Buena parte de la literatura contemporánea tiene elementos de novela negra, explicó Montero, y añadió que tal vez esto se deba a que es la única épica que nos queda actualmente .

Así que no está de más llamar la atención sobre la magnífica La isla de los cazadores de pájaros, la magnífica novela negra del escocés Peter May que no pretende ser más que eso: una magnífica novela negra.

Aunque hay que destacar que en su texto May se basa en una ruda épica contemporánea, la de un pueblito de pescadores que año con año, desde hace cientos, van en medio de un proceloso mar a una agreste isla cercana a cazar aves, crías de alcatraz, gugas las llaman ellos.
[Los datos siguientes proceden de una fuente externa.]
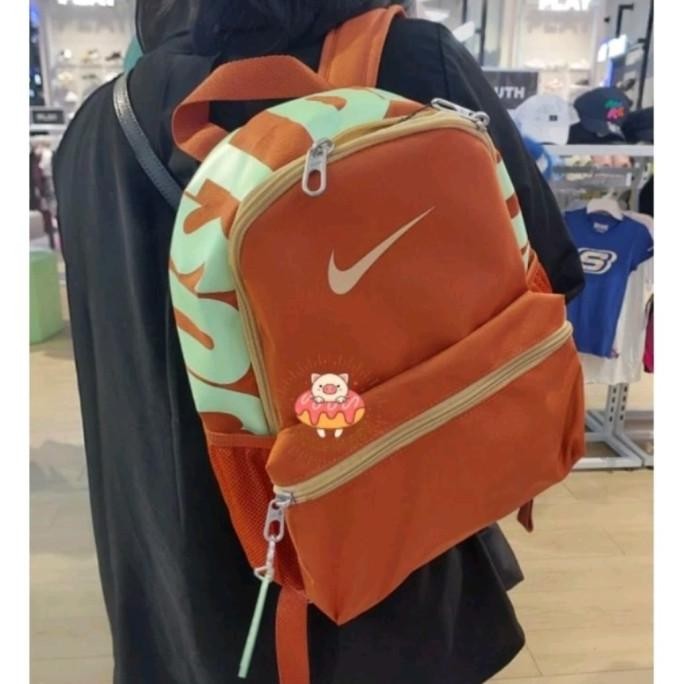Tas Ransel anak Nike brasilia mini backpack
Matar a la cría del alcatraz no tiene chiste alguno, pero llegar a la isla, desembarcar y sobrevivir mientras las furiosas tormentas de la temporada dan permiso a que un barco se acerque a recoger al selecto grupo de doce pescadores, eso sí que tiene mérito.

En el pequeño pueblo de Lewis, ir a cazar gugas es todo un rito de iniciación, de entrada a la adultez.

El mundo es un pañuelo... y una pequeña barca

El deprimido detective Fin Macleod, de Edimburgo, es enviado a su pueblo natal en la Isla de Lewis para investigar un asesinato similar a otro cometido en su demarcación.

El asesinado era el bully del salón de Macleod en primaria, así que en la investigación no tarda en encontrarse con muchos de sus compañeros de la única escuela del pueblo, entre los que destacan su mejor amigo y la niña que le gustaba.

La narración se alterna entre la investigación y los recuerdos de la infancia y juventud del huérfano Macleod en el opresivo pueblo, cuyos habitantes entienden la religión como la supresión de todo lo que pueda proporcionar alegría o placer (con la muy posible excepción del alcohol y la violencia moderada).

De pronto, para Macleod la investigación parece pasar a segundo término mientras reconstruye las buenas razones que tuvo para salir de su pueblo, cosa que sucedió poco después de que participara en la expedición a cazar gugas.

Y con los lectores sucede lo mismo: la vida cotidiana del lugar, sea cuando los protagonistas eran niños, se pegaban en los recuerdos y se besaban a escondidas, o cuando son adultos, tienen hijos, pelean en los bares y, por lo menos en esta ocasión, se asesinan, es apasionante.

El final tiene una pequeña trampa que hace que la novela sea aún más negra pero puede decepcionar (un poco) a algunos lectores exigentes. Pero hay que insistir: es una muy buena novela negra que no pretende más que eso.